Activity:
Search the data for the word "Photo" and copy every line where it occurs.

Records to use:

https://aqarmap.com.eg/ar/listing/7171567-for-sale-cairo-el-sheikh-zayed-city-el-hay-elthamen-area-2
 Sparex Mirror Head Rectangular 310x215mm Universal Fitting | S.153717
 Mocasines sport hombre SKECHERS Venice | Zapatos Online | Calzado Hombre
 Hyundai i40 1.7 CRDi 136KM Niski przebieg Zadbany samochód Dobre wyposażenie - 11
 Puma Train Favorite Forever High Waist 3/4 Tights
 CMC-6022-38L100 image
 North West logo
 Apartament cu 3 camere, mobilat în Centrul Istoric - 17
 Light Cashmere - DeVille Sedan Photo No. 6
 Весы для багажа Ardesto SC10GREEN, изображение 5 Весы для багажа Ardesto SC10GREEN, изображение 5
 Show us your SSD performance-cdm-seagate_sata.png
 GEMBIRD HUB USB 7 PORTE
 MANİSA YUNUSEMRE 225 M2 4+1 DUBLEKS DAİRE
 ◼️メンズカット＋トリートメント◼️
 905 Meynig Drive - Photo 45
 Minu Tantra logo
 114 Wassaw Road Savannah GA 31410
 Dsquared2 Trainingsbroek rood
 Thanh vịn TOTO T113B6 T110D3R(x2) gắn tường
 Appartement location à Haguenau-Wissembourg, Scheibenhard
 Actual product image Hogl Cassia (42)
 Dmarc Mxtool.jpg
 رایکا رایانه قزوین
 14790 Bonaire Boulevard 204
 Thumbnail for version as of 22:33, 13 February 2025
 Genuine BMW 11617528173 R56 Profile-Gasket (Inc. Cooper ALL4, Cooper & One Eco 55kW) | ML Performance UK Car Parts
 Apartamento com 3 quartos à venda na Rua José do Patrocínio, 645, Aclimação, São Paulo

Response area:
 Light Cashmere - DeVille Sedan Photo No. 6
 905 Meynig Drive - Photo 45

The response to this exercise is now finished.